**Data**
· · ·

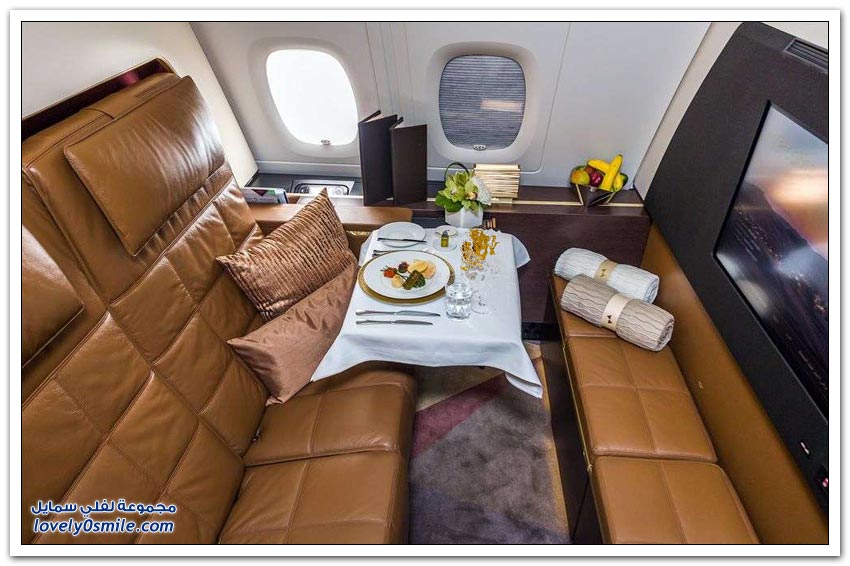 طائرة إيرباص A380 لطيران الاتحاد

· · ·

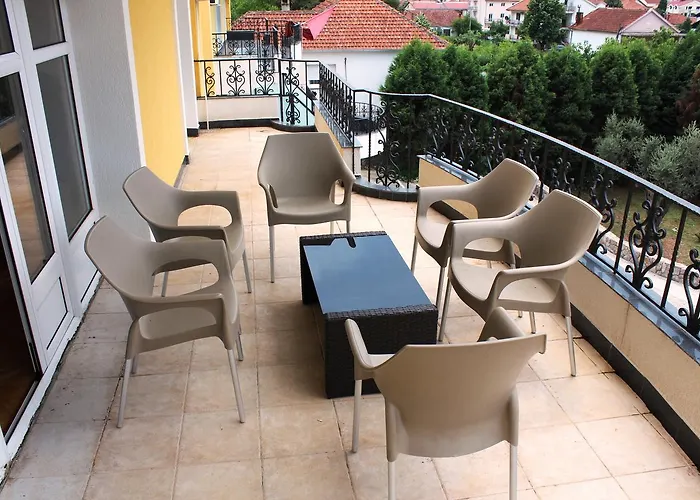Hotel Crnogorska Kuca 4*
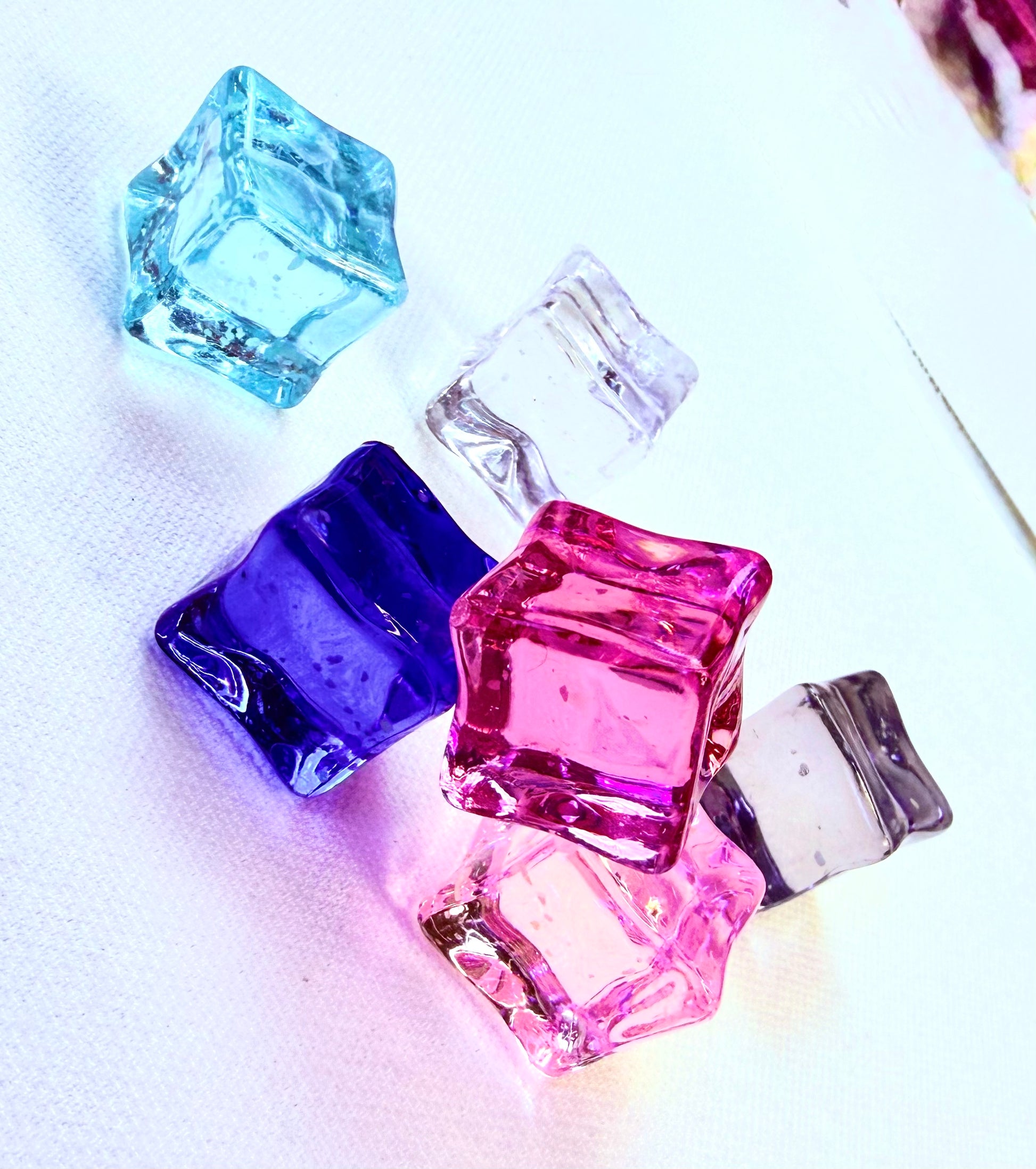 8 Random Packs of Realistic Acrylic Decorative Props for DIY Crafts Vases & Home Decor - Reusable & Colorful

· · ·

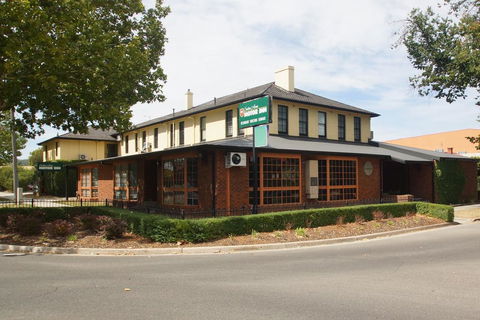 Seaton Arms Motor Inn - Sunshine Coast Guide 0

· · ·

**Instructions to follow**
For this exercise, reproduce exactly the lines of the records above from the one with "Hotel Crnogorska Kuca 4*" up to and including the one with "8 Random Packs", without pictures.

**Answer for the task**
Hotel Crnogorska Kuca 4*
 8 Random Packs of Realistic Acrylic Decorative Props for DIY Crafts Vases & Home Decor - Reusable & Colorful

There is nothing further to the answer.